Sunday, December 20, 2015
December 20, 2015 Finally
Risk/Reward Vol. 288
THIS IS NOT INVESTMENT OR TAX ADVICE. IT IS A PERSONAL REFLECTION ON INVESTING. RELY ON NOTHING STATED HEREIN.
“Finally it has happened to me
Right in front of my face
My feelings can't describe it”---lyrics from “Finally” sung by CeCe Peniston
“Nothing from nothing leaves nothing,
And I ain't stuffing/Believe you me
Don't you remember I told you
That I'm a soldier in the war on poverty”---lyrics from “Nothing From Nothing”---sung by Billy Preston
“We've all been down this road before,
I give it all, you wanted more.
I've only got myself to blame”---lyrics from “Back Again” sung by Daught
“Finally, it has happened/Right in front of my face.” On Wednesday, the Federal Reserve raised short term interest rates for the first time since 2006. That’s right---for almost a decade, interest rates have been in either a declining or zero bound state. Maybe historically low rates were necessary in 2008-2009 at the height of the credit crisis, but since then they only have disproved the long held belief of Federal Reserve wonks that cheap money alone can spur robust economic growth. Clearly, it cannot. Meanwhile, those same wonks have wiped out 10 years’ worth of returns on savings; returns upon which most Americans and every pension plan rely to grow their nest eggs. As an income investor in the twilight of his earning years, I struggle for words “to describe my feelings.”
Immediately following the rate increase announcement on Wednesday, the stock market exploded. The Dow Jones Industrial Average rose 250 points between the 1 o’clock press release and the close of trading at 4pm; a signal from Mr. Market that it was high time to start normalizing rates. Unfortunately, the stock markets could not sustain the rally. Continued weakness in the oil patch on Thursday (due in part to the rate increase and a concomitant strong dollar) and a technical trading event on Friday (the quadruple witching hour when all options expire thereby magnifying whichever way the market is trending) conspired to wipe out the mid-week gains. The two major indices finished the week below where they ended last week. “Nothing from nothing leaves nothing/Believe you me.” In other words, index investors retreated in their “war on poverty.”

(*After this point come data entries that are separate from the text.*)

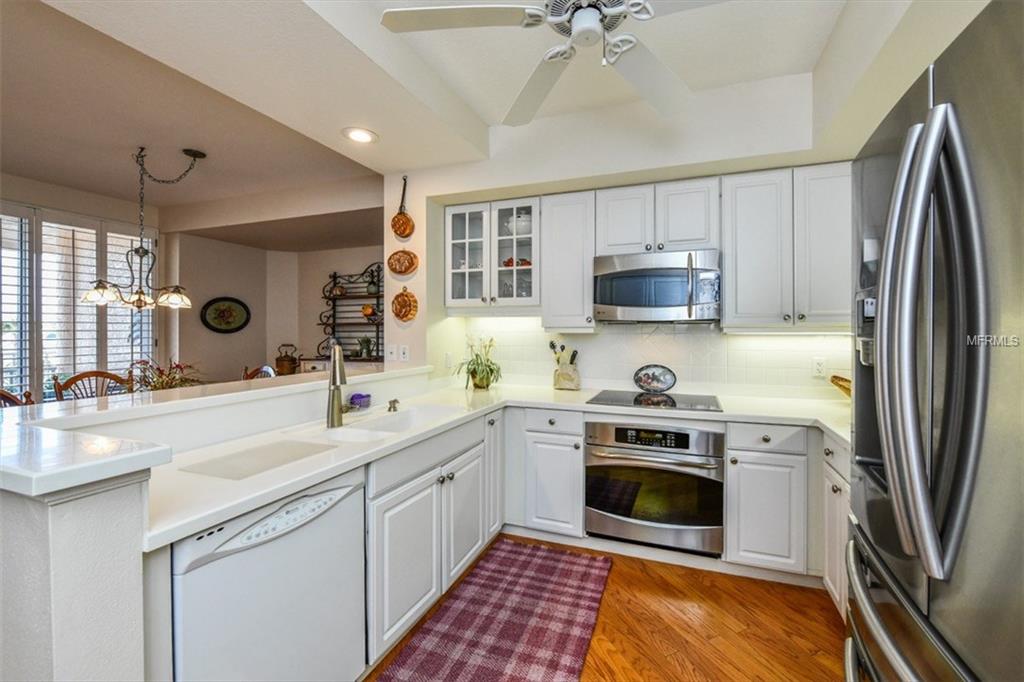 1260 DOLPHIN BAY WAY, SARASOTA, Florida 34242, 2 Bedrooms Bedrooms, 8 Rooms Rooms,2 BathroomsBathrooms,Residential,For sale,DOLPHIN BAY WAY,A4207220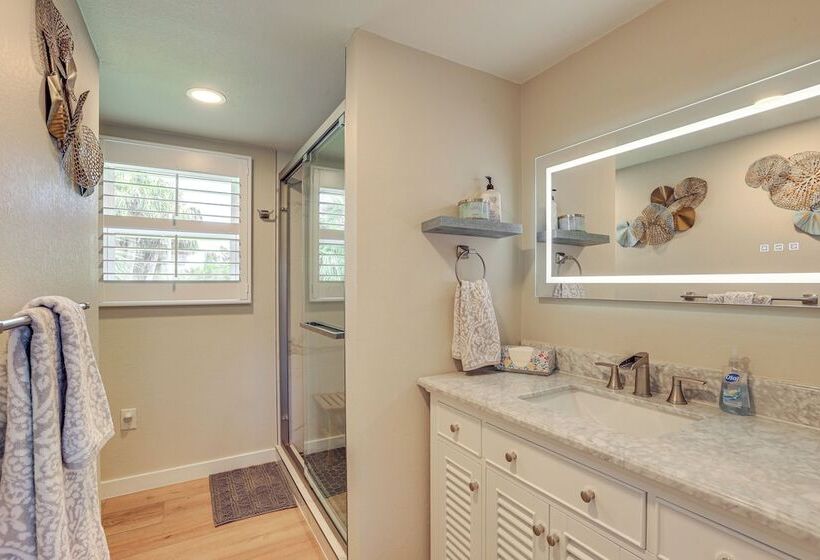 Canal Front Horseshoe Beach Home W/ Private Dock!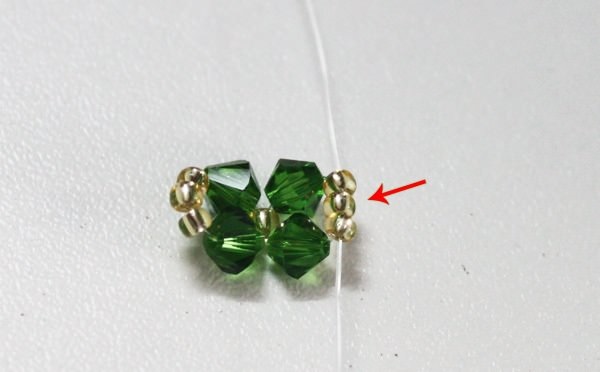 Wie man ein Perlenarmband für Anfänger macht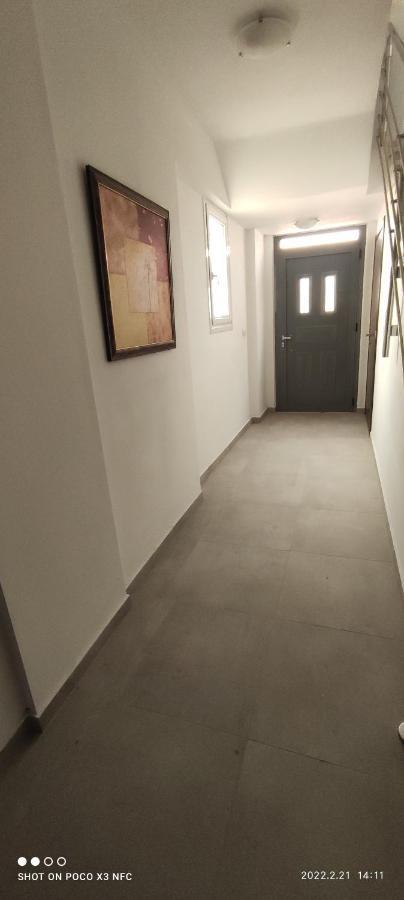 Diamond Deluxe Apartments Pool&Bar 马斯蒂查里 外观 照片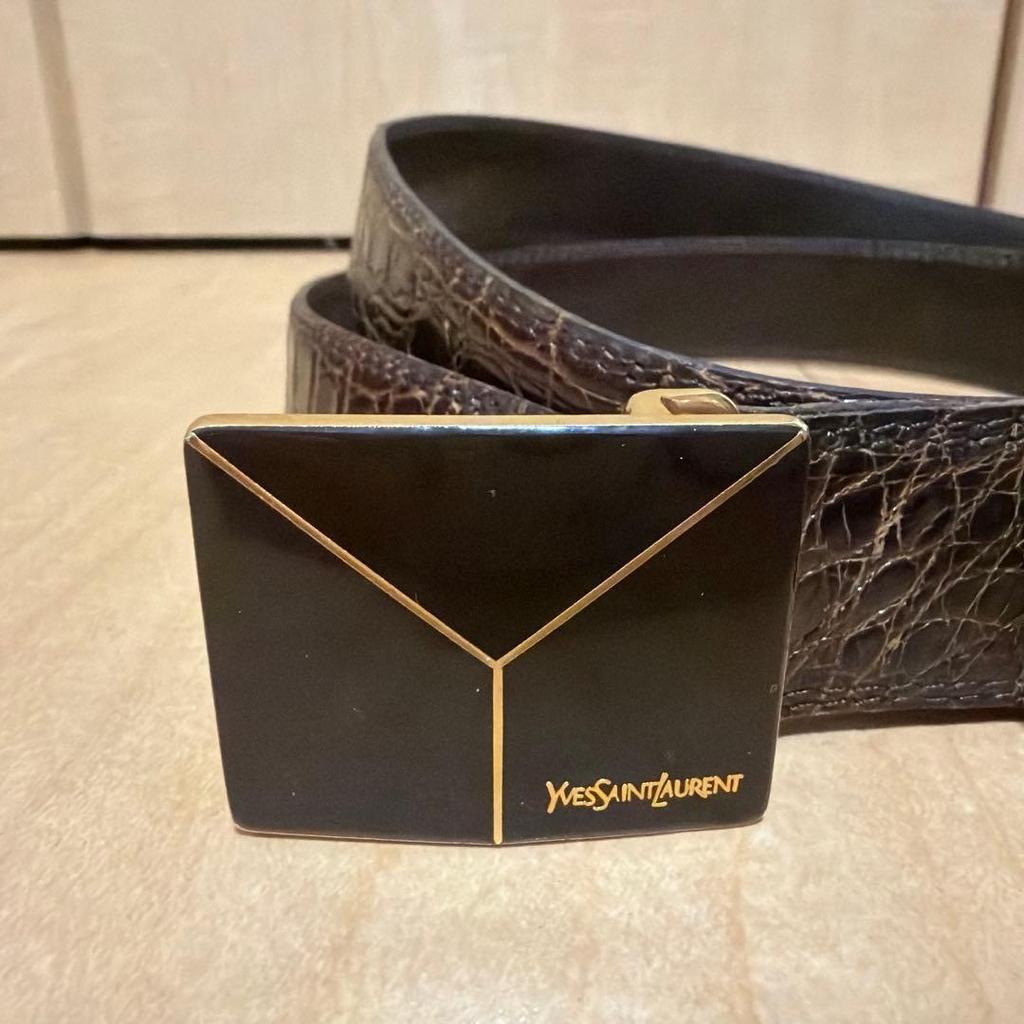Б/у Кожаный ремень Yves Saint Laurent с тиснением под крокодила Yves Saint Laurent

But not everyone lost money as the week ended. As stated over these past several weeks, I intended to gauge the impact of the rate increase on the benchmark 10Year Treasury Bond, and if it was de minimis (as I believed it would be), I would jump “Back (in) Again.” In fact, the yield on the 10Year held steady. Accordingly, I began buying some of my favorite interest rate sensitive stocks on Thursday (PGX, HPF, HPI), many of which had been hammered; an overreaction to the anticipated impact of the Fed’s action. As the stock indices collapsed on Friday, the yield on the 10Year remained steady--- as did the value of my purchases. Some even appreciated. But where I really prospered this week was with Vanguard Resources (VNR). Before the market opened on Friday, VNR announced that it was reducing the dividend on its common stock by 75% but maintaining the dividend on its preferred. 20.VNR’s preferreds (VNRAP and VNRBP) have been favorites of mine for several years, but I have shied away from them over the past month or so due to unfavorable oil and gas developments and the belief of many that VNR’s preferred dividend would be cut along with that on its common. With Friday morning’s announcement, the safety of the preferred dividend was strengthened significantly. I bought several positions of each through the day. VNRAP rose 25% and VNRBP rose nearly 12%: in one day! If luck is the intersection of preparation and opportunity, I was lucky indeed. Overall, it feels natural to be back investing. But I’ve “been down this road before” and if it goes badly because I entered too soon, “I’ve only got myself to blame.”
I reenter the market with enthusiasm. In the words of Billy Preston, “I’m Born Again.” For the first time in years, I feel confident that a sensible and predictable path will be followed by the Fed. The Fed’s dot plot (See Vol. 259 www.riskrewardblog.blogspot.com for an explanation) also published on Wednesday foretells a series of quarterly 25 basis point increases over the next year. As an income investor predictability of rates is all that I need to make a decent return. But if it all goes awry (as it will at some point), I will not hesitate to liquidate only to re-enter when the time is once again right. Like Billy, inevitably and inexorably, Mr. Market “Goes ‘Round in Circles.”